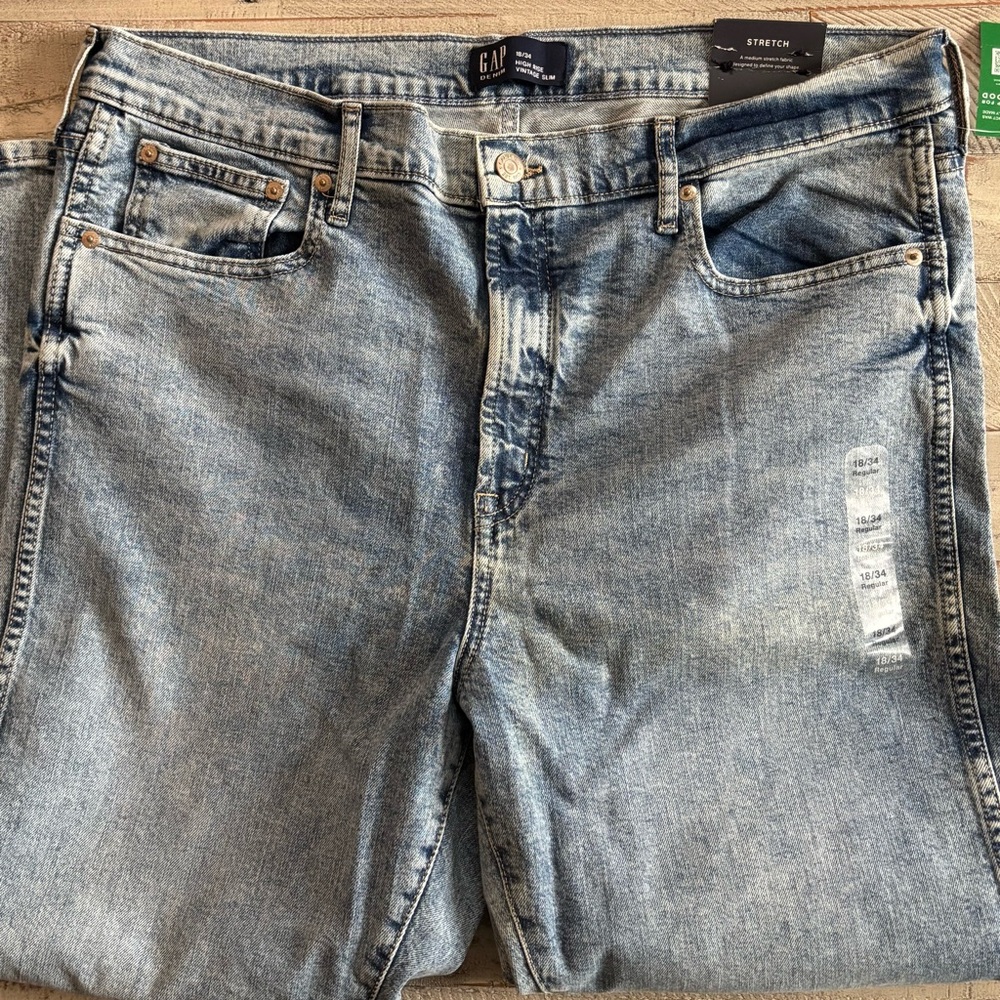 Women’s GAP Jeans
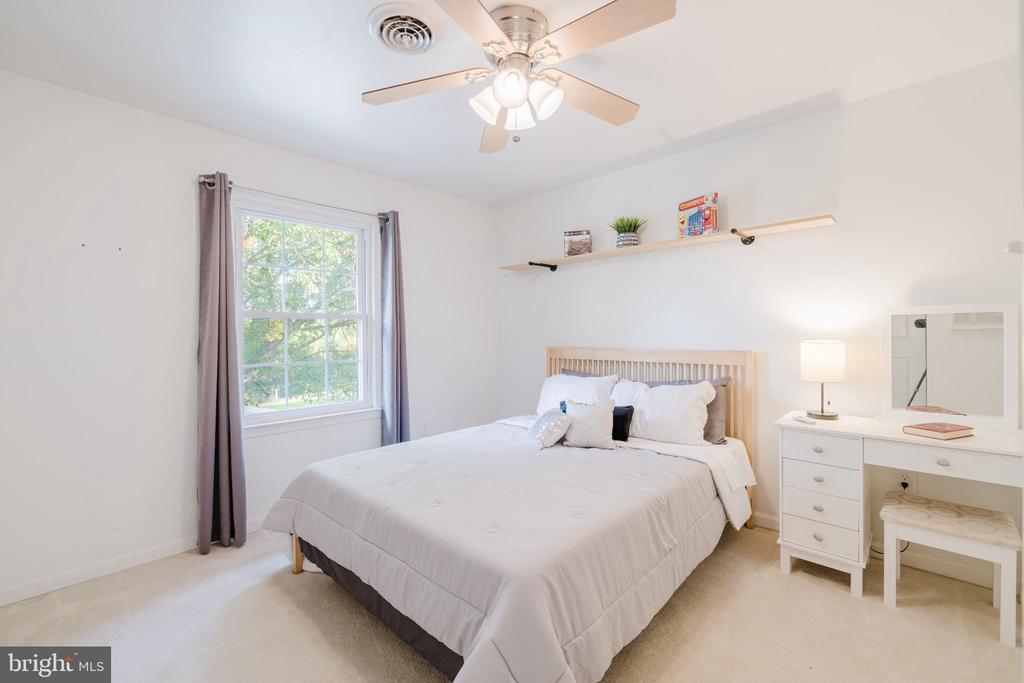 302 AVALON LANE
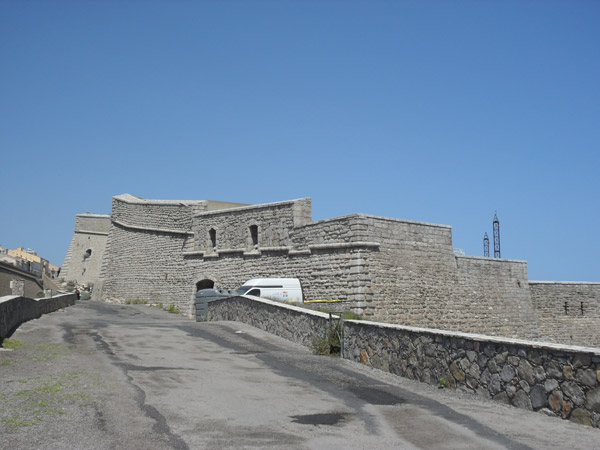 Fort-Saint-Pierre-(Théatre-de-la-Mer) 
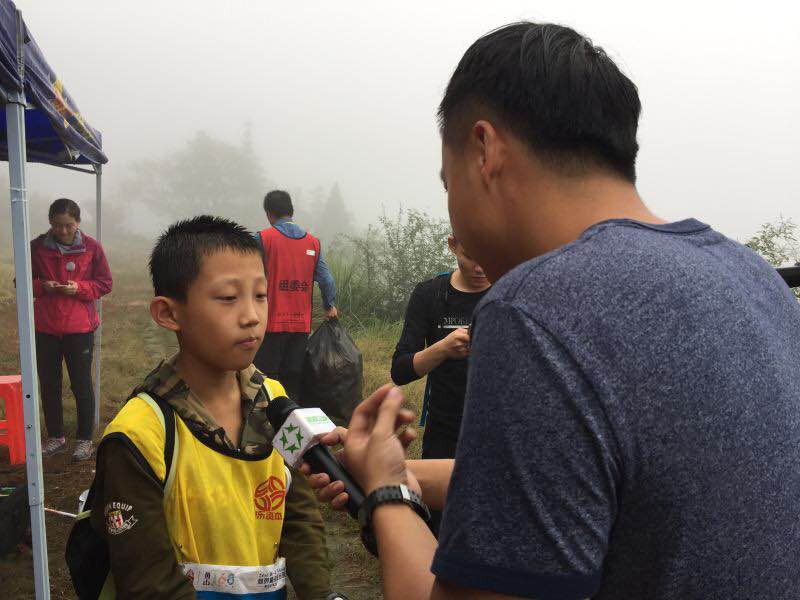 济南署理商携手山东大学 挑战“黄山168”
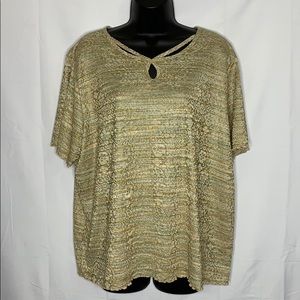 Alfred Dunner lettuce hem scoop neck top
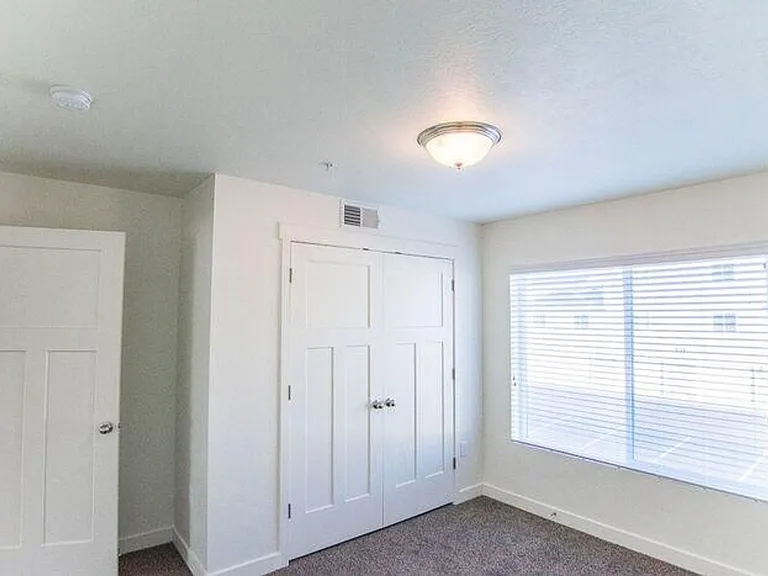 533 S 850 E — Photo 30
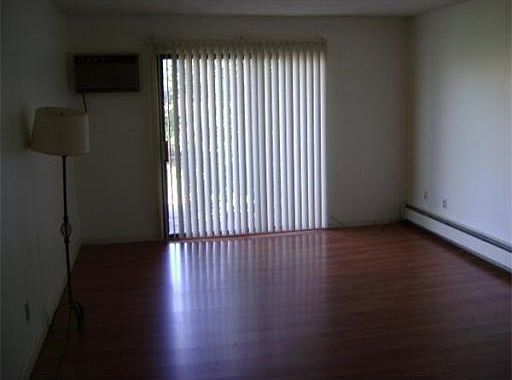 3rd image of 59 Highland Glen Dr APT 312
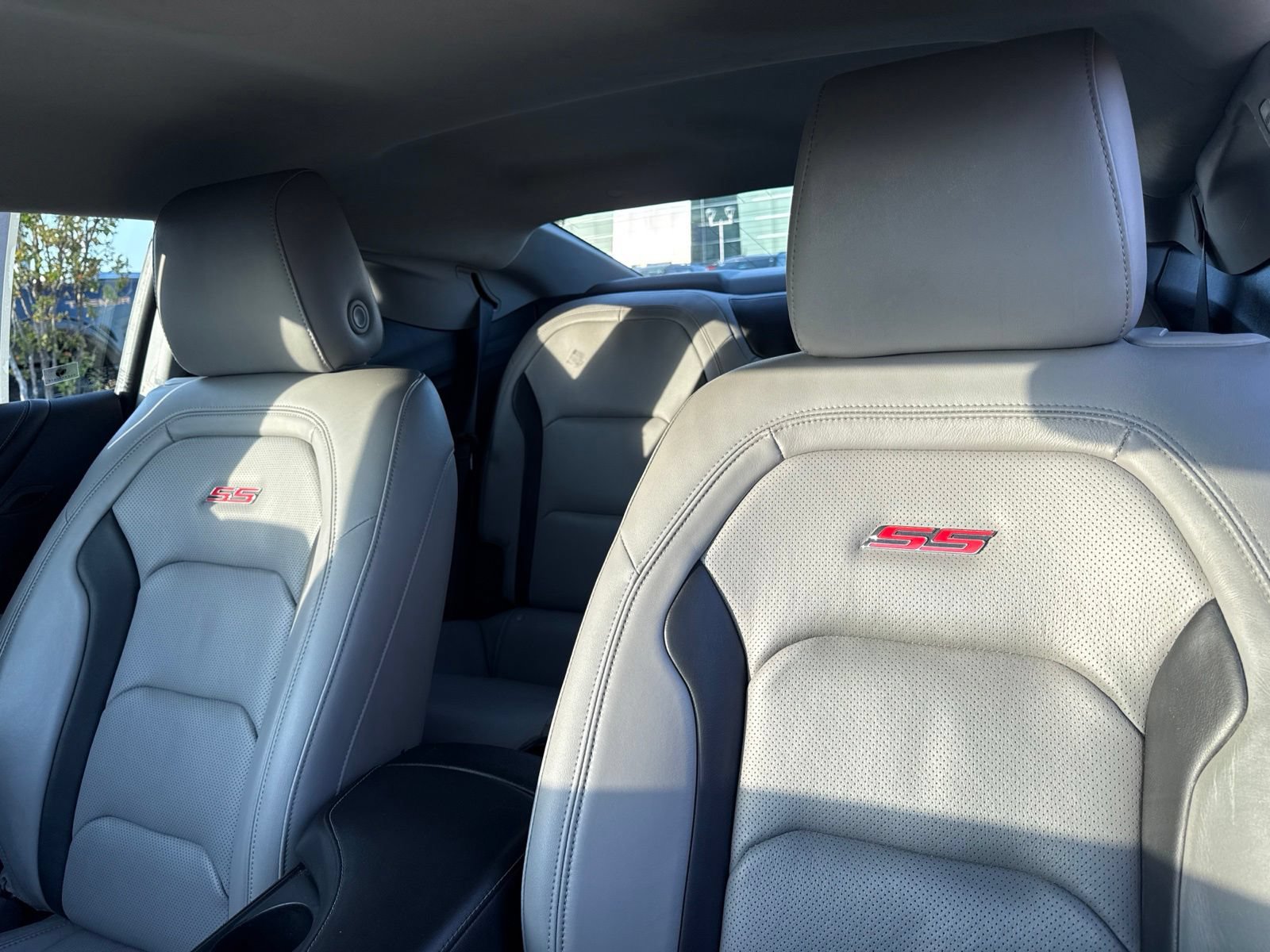 Used 2020 Chevrolet Camaro SS RWD image 22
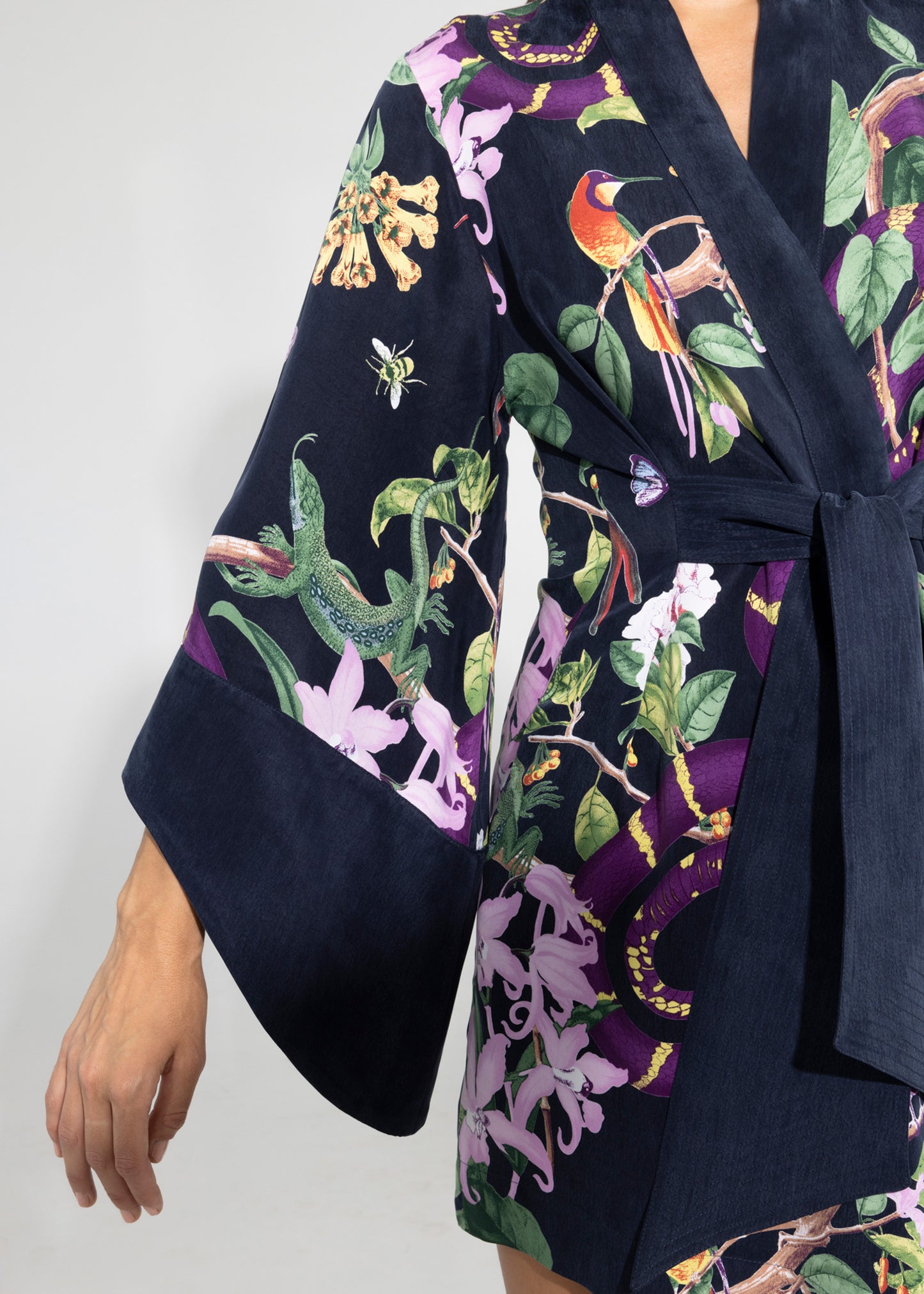 Jagger Amara Kimono Robe-niLuu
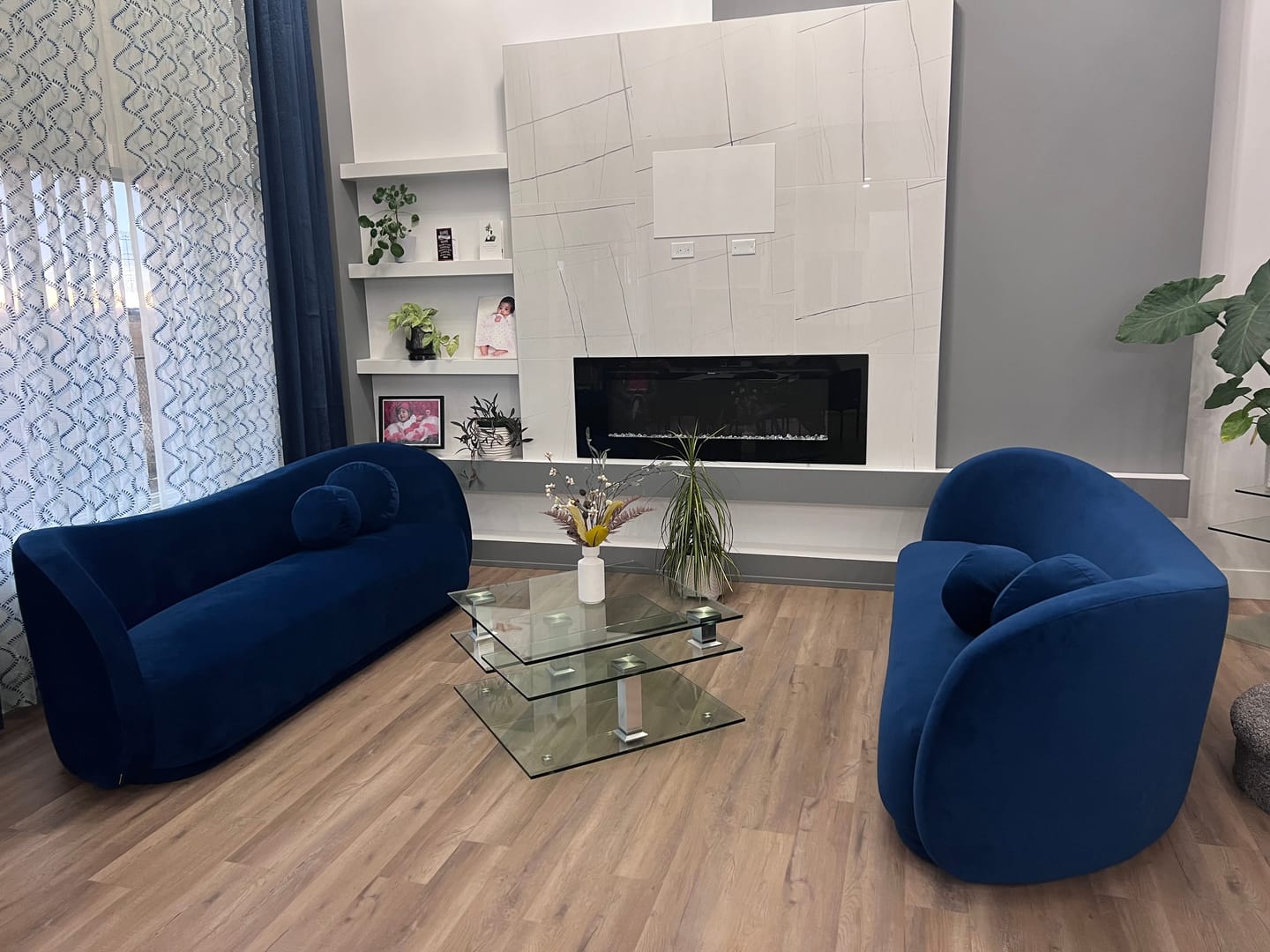 Customer photo review of Diane Form Sleeper Sofa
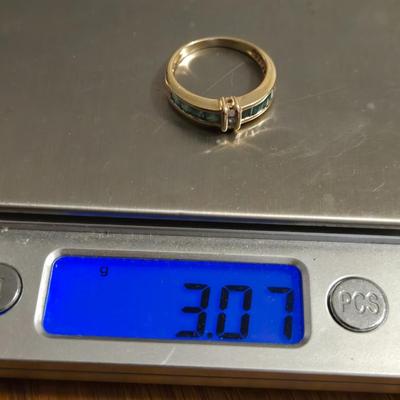 14k Gold, Emerald, & Diamond Ring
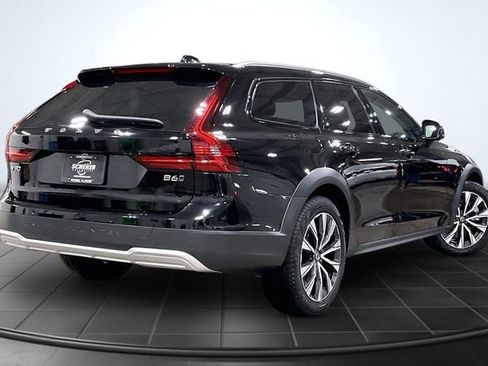 Certified 2024 Volvo V90 B6 Cross Country Plus w/ Climate Package image 3
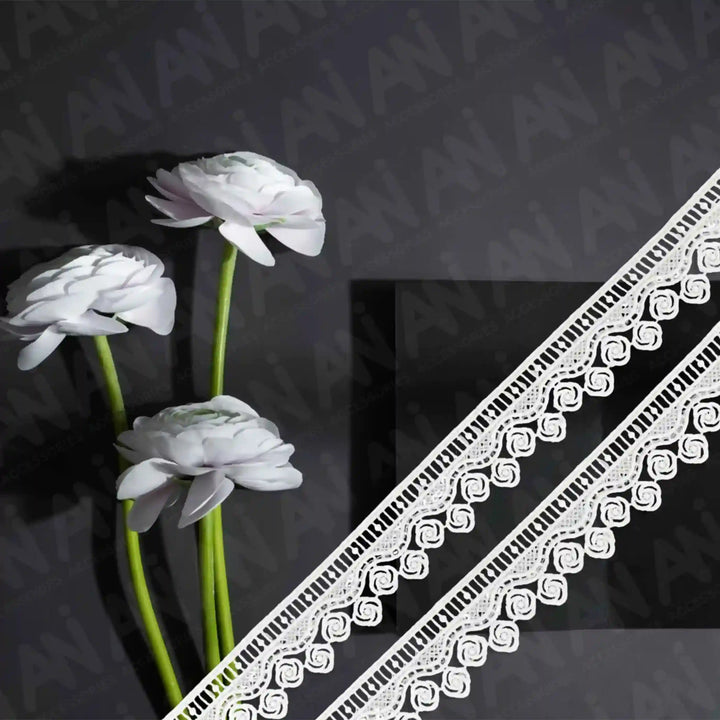 Twisted Rose flower Lace Trim | 2 meter
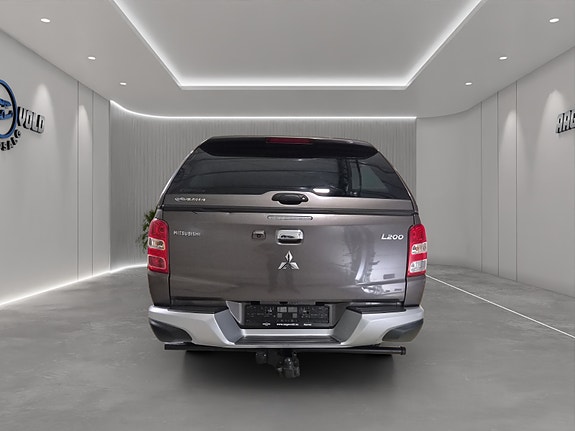 Mitsubishi L200 8 of 26
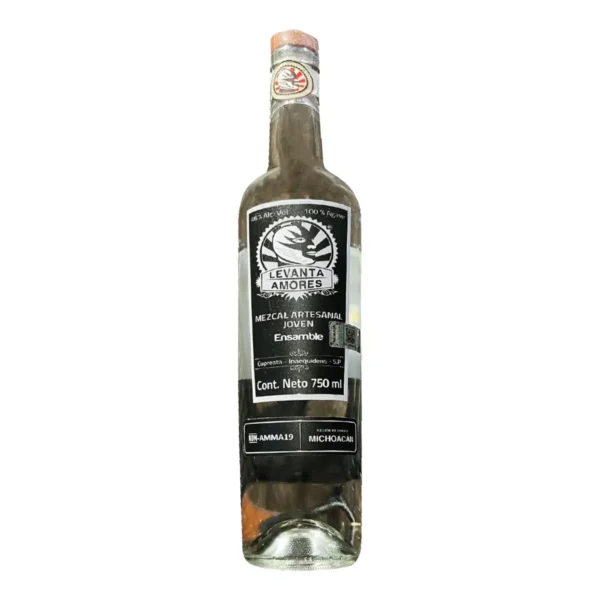 Mezcal Joven Levanta Amores ensamble 750 ml.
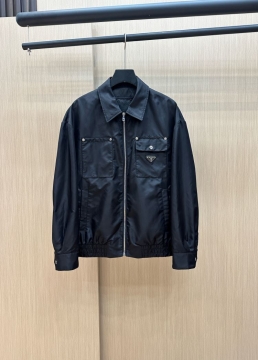 2026SS プラダ コート 新作コレクションを見る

========================================================================

Your goal - Pictures should not appear; only the lines from the start of the listing above to the line containing "Jagger Amara Kimono Robe-niLuu", both ends included, are to be repeated exactly.

Answer for this exercise -
 Women’s GAP Jeans
 302 AVALON LANE
 Fort-Saint-Pierre-(Théatre-de-la-Mer) 
 济南署理商携手山东大学 挑战“黄山168”
 Alfred Dunner lettuce hem scoop neck top
 533 S 850 E — Photo 30
 3rd image of 59 Highland Glen Dr APT 312
 Used 2020 Chevrolet Camaro SS RWD image 22
 Jagger Amara Kimono Robe-niLuu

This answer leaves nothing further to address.